Ossianistische poëzie

1. Het corpus teksten gevonden en vertaald/zelf geschreven door de Schot James Macpherson, nl. Fragments of Ancient Poetry collected in the Highlands of Scotland and translated from the Gaelic or Erse Language (1760), Fingal, an Ancient Epic Poem in Six Books (1762) en Temora, an Epic Poem (1763), die als vertalingen werden gepresenteerd van de werken van de Keltische dichter Ossian (uit de derde eeuw v.C.). Hoewel de controversen over de authenticiteit van Macphersons ‘vondsten’ meteen na de publicatie begonnen, kon pas in de negentiende eeuw positief aangetoond worden dat het grotendeels ging om een handige mystificatie (Pseudovertaling): Macpherson had slechts beperkt gebruikgemaakt van de nog levende Keltische orale traditie (sien orale literatuur) , in feite ging het vooral om eigen werk dat overigens de stijlkenmerken van zijn tijd vertoont.

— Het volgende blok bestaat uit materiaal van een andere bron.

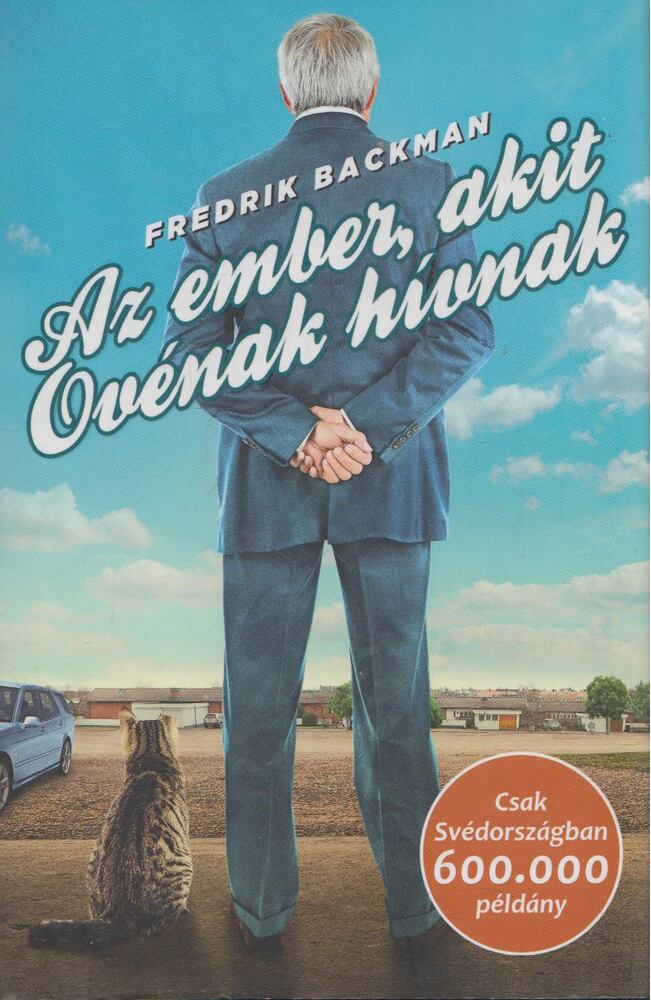 Fredrik Backman - Az ember, akit Ovénak hívnak
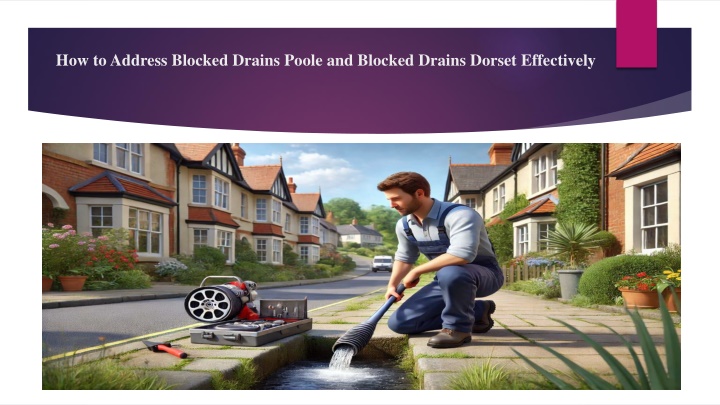 how to address blocked drains poole and blocked drains dorset effectively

2. In ruime zin verwijst de kwalificatie ossianistisch naar een hele internationale beweging waaraan Macphersons werk mee ten grondslag ligt. Zijn gedichten hadden nl. een enorme weerklank en werden centrale teksten in een soort Keltische renaissance, een beweging in de tweede helft van de achttiende eeuw die een herwaardering van de eigen (vroeg)middeleeuwse traditie voorstond. Er volgden verschillende imitaties naar oude epische gedichten (Th. Grays The Fatal Sisters en The Descent of Odin, 1761), min of meer adequate tekstuitgaven (Th. Percys Five Pieces of Runic Poetry, 1763 en Reliques of Ancient English Poetry, 1765), verdere mystificaties (Th. Chattertons Poems supposed to have been written at Bristol by Th. Rowley and others in the 15th Century, 1777), enz. Ook op het vasteland vond de Ossianpoëzie tal van bewonderaars, imitatoren en vertalers, waaronder Goethe en de andere jonge Sturm und Dränger (sien Sturm und Drang). De context van de groeiende preromantiek was aan de ossianistische beweging niet vreemd: interesse voor het verleden, voor het autochtone (tegenover het Franse classicisme of de mediterrane oudheid), voor het primitieve en het volkse.

Literatuur: P. van Tieghem, ‘Ossian et l’ossianisme au XVIIIe siècle’ in Le Préromantisme, 1924, pp. 197-288. Q. Daas, De gezangen van Ossian in Nederland, 1961. T. Brown (red.), Celticism, 1996. Davidd Moore (red.), Ossian and Ossianism. Subcultures and subversions: 1750-1850, 4 vols., 2004.